John C. Chien

July 22, 1999 03:04 
Re: [Q] Boundary conditions in Turbomachinery
(1). Look like that you are working on a centrifugal fan instead of compressor. Well, that is not important. (2). You really have to be very careful here. (3). First of all, the appearance of the governing equations depends on the coordinate system used, whether it is stationary (fixed, nonmoving) Cartesian, stationary cylindrical, or moving (rotating) cylindrical coordinates. You do not add or substract terms from the equations! They are there because of the coordinate system you selected in the first place. (4). Once you have the coordinate system selected, the boundary conditions must be specified on that coordinate system as well. (5). If the wall was stationary in the stationary coordinate system originally, then it will become a moving wall (rotating wall) in the rotating coordiante system. If the rotating coordinate system is moving clockwise, then the wall will rotate counterclockwise. And the inlet condition in the new rotating coordinate system will likewise pick up this counterrotating velocity component. That is all you need. (6). For steadystate stage calculation, the situation is quite different. Here, you are trying to joint the two separate problems ( one is formulated on rotating coordiante system and the other is formulated on stationalry coordinate system) into one combined problem through the use of "mixing plane boundary conditions". In principle, they are still two separate problems, but now they exist in one program and the solution is obtained through this mixing plene boundary condition iteratively. (7).

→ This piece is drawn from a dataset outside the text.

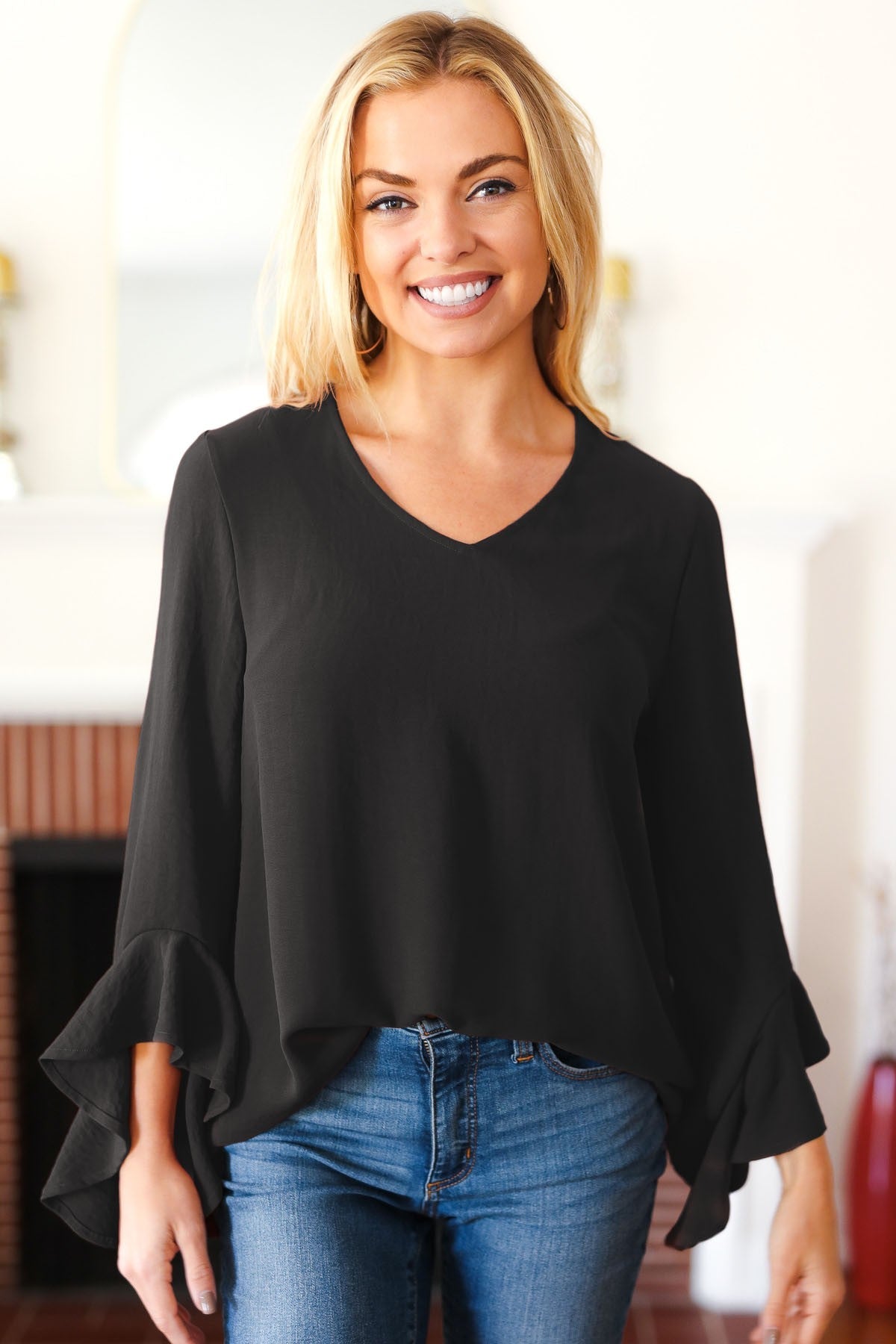 Falling In Love Black Hi-Lo Ruffle Sleeve Woven Top for Women | Elegant Party & Date Night Blouse | Perfect for Evening Events, Cocktail Parties and Romantic Outfits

For the real transient flow problems, the formulation is still on one single coordinate system , say stationary coordiante system, but the boundary conditions on the balde will become moving boundary. In this case, the steadystate mixing plane boundary between two computational zones is no longer used. (8). So, make sure that you know what kind of cases you are dealing with before setting the boundary conditions. The guideline is When one coordiante system is used, there is only one probem. If you have to use both stationary and moving coordinate systems, then there are two separate problems. These two problems are separated by the mixing plane boundary conditions. (9). It can be very confusing if you are not careful.